HAZARD
There was a scrap of paper on the floor. I picked it up - it said IMPORTANT - so I threw it in the bin.
Only later did I wonder why?? It seems that the brain translates IMPORTANT as ‘We’re only printing this so you can’t sue us‘.
My brain automatically ignores words like DANGER, WARNING, BEWARE. Do you know anyone who tests a strand first before dying their hair?
In the lab we must consult (COSHH) hazard sheets for every single chemical every single time we use it. This is the one for common salt. YES - there was one for water as well.
Apart from ‘Contains Mild Peril’…these are some warnings from last week’s Odeon website?

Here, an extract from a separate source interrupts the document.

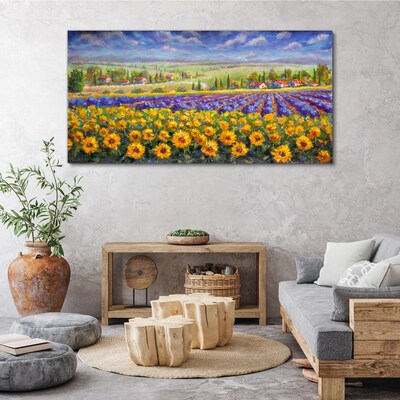 Tableau imprimé sur toile Un paysage floral au soleil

'Mr Bean’s Holiday' (on at Pensioners’ pictures for some reason)
‘contains irresponsible behaviour’.
Do they mean it was irresponsible of Rowan Atkinson to stop being funny?
‘Fantastic Four: Rise of the Silver Surfer' (shouldn’t this be on at Pensioners’ pictures?)
'contains infrequent moderate violence, mild innuendo & language‘.
Er - which ‘language’ would that be?
Er - which ‘language’ would that be?
‘Molière’
‘has one scene of moderate sex’
Sorry I prefer rampant.
My favourite - ‘Contains moderate nudity‘.
This is for Stitch:
And this is a work of art:
KAZ
Labels: COSSH, Rampant sex, Silver Surfer
15 Comments:
Gee, thanks.
If they make a film of The Perils of Penelope Pitstop, what degree of peril would they warn us about?
Did The Jeremy Thorpe Story contain moderate nudity?
We dogs know a thing about nudity! This nanny state gets my goat anyway.
Isn't is funny that "mild innuendo" is itself an innuendo.
I love that last sign -- but I've not woken up properly yet so I'm off back to bed!
Stitch:
Yer welcome!
If DH needs a birthday present I believe they are for sale on the web.
Geoff:
Peril is perilous - no adjective required.
Jeremy Thorpe moderate - nice one. I think nudity should be more liberal.
I always felt sorry for the dog in the Jeremy Thorpe case.
shhh - don't let Murph hear.
Murph:
Is goat your new pet name for Oz?
Watch out that the nanny state doesn't 'moderate' your nudity. You see so many canines in daft jackets these days.
Gerald:
WARNING: Most people die in bed.
Rip Rinka.
I'll get some T shirts made.
Great blog you have here Kaz....
oh yes and a wicked sense of humour
I'll be back.
Murph:
Didn't get this at first.
Thought you wanted to tear him to shreds. But then I put in the full stops.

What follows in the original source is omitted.